Segun Ajayi-Kadir. Photo: THISDAY

Local manufacturers have again pleaded with the federal government for equitable power pricing to sustain manufacturing operations in Nigeria.


Making this call at the yearly general meeting of the Food Beverage and Tobacco subsector, themed, ‘Cultivating Value: Employing Quality, Standards and Innovation in Strengthening Food, Beverage and Tobacco Manufacturing’ held recently in Lagos, they said power accounts for at least 40 per cent of their production costs and the current situation is unbearable and unsustainable.

“Power is between 26 to 40 percent of our cost of work, depending on how power-intensive the manufacturing process is,” said the Director-General of the Manufacturers Association of Nigeria (MAN), Segun Ajayi-Kadir.


“We need power but we cannot pay for it and die off, we need it at a fair price,” he said.
Highlighting MAN’s efforts to foster a conducive economic environment for the manufacturing sector’s growth and profitability, he added, “The production value of the sector increased and despite the growth, local raw material sourcing declined from 70 per cent in the second half of 2022 to 66.8 percent in the same period in 2023,” he said.

He acknowledged the resilience of the Food, Beverage and Tobacco subsector in the face of macroeconomic and infrastructure challenges, particularly the rising electricity tariffs. “The performance we are seeing is a demonstration of resilience in the face of daunting macroeconomic and infrastructure inadequacies,” he said.


He also shared the frustration and frequent complaints from industry players about rising energy costs and urged stakeholders to remain resilient and adapt their processes for greater efficiency.

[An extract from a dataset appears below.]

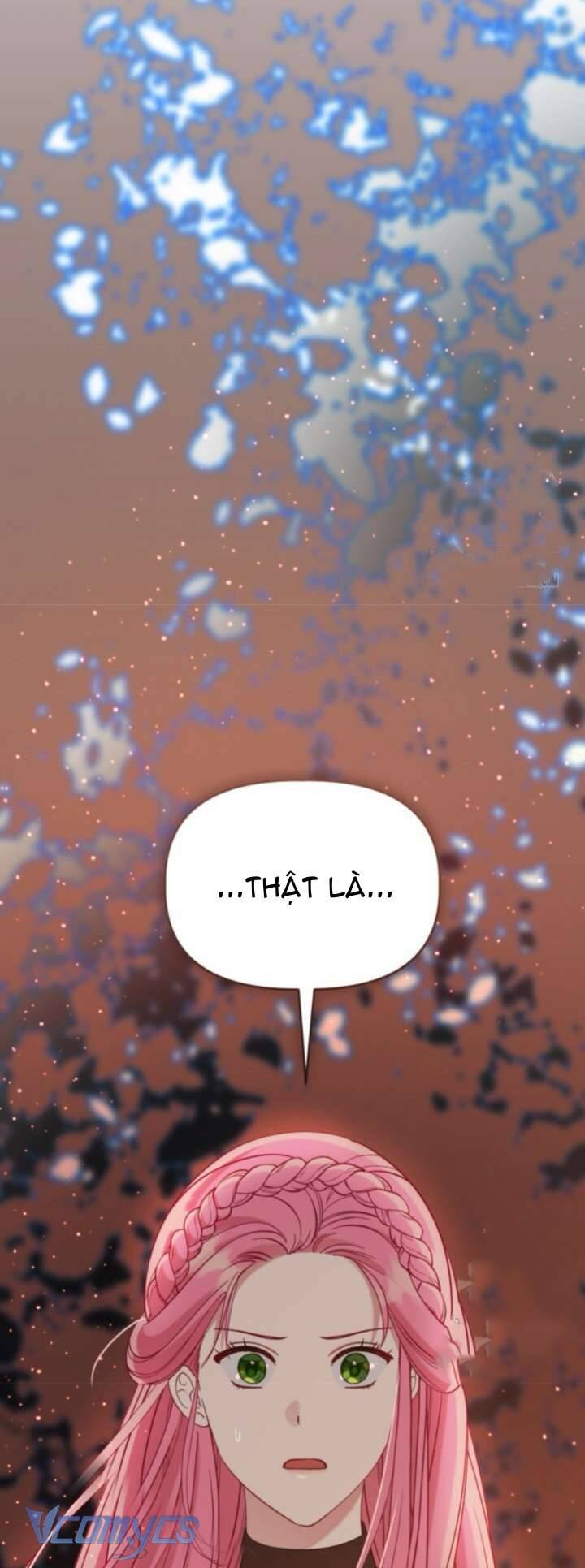 Sự Điều Trị Đặc Biệt Của Tinh Linh: Chapter 102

Also, Head of the Corporate Affairs and Sustainability at Rite Foods, Ekuma Eze, emphasised the subsector’s importance. “The food and beverage industry contributed 34 per cent to the entire manufacturing sector as of 2022 and about five percent to Nigeria’s GDP. The sector has immense potential for growth due to our large population. Three sectors make up about 78 per cent of the entire manufacturing sector, with food and beverage being the largest. Yet, our manufacturing sector remains far from competitive on a global scale,” he said.

Eze pointed out several obstacles hindering the sector’s growth, including poor infrastructure, high inflation, high energy costs, forex liquidity, unpredictable regulations, insecurity and high tax burdens. “This sector’s tax contribution as a percentage of gross profit has hovered around 35 to 41 per cent in the last four years, severely affecting profitability.”

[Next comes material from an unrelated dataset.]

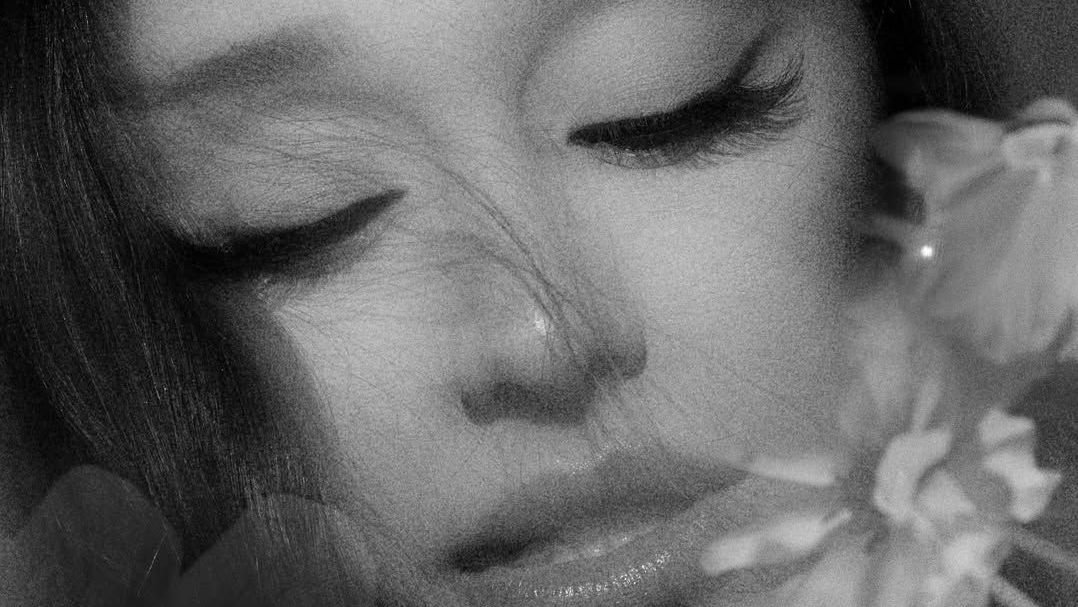 Ariana Grande divulga música “Hate That I Made You Love Me" • Instagram/Ariana Grande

However, he advocated for strategic government intervention to enhance their competitiveness, particularly in the context of the African Continental Free Trade Area (AfCFTA). He further recommended policies to streamline customs procedures, harmonise regulations, invest in critical infrastructure and provide targeted financing options for manufacturers. “Manufacturing should be a key driver of economic growth, creating jobs, generating income, and contributing to the GDP. Our policies must encourage manufacturing to ensure economic progress,” he said.

Stressing the need for holistic thinking in economic policy-making, he said, “Recent CBN policies have seen interest rates skyrocket, making it impossible for manufacturers to borrow money and progress. We need policies that encourage manufacturing, as it creates employment, generates taxes and drives economic growth.”

Similarly, Deputy Director at NAFDAC and Chairperson of the Nigerian Institute of Food Science and Technology (NIFST), Lagos chapter, Aina Olugbenga Steven, described the Nigerian business environment as VUCA – Volatile, Uncertain, Complicated and Ambiguous.

“Thriving in this environment means dealing with challenges such as electricity and foreign exchange.”

He emphasised the importance of maintaining value, high standards and innovation in manufacturing.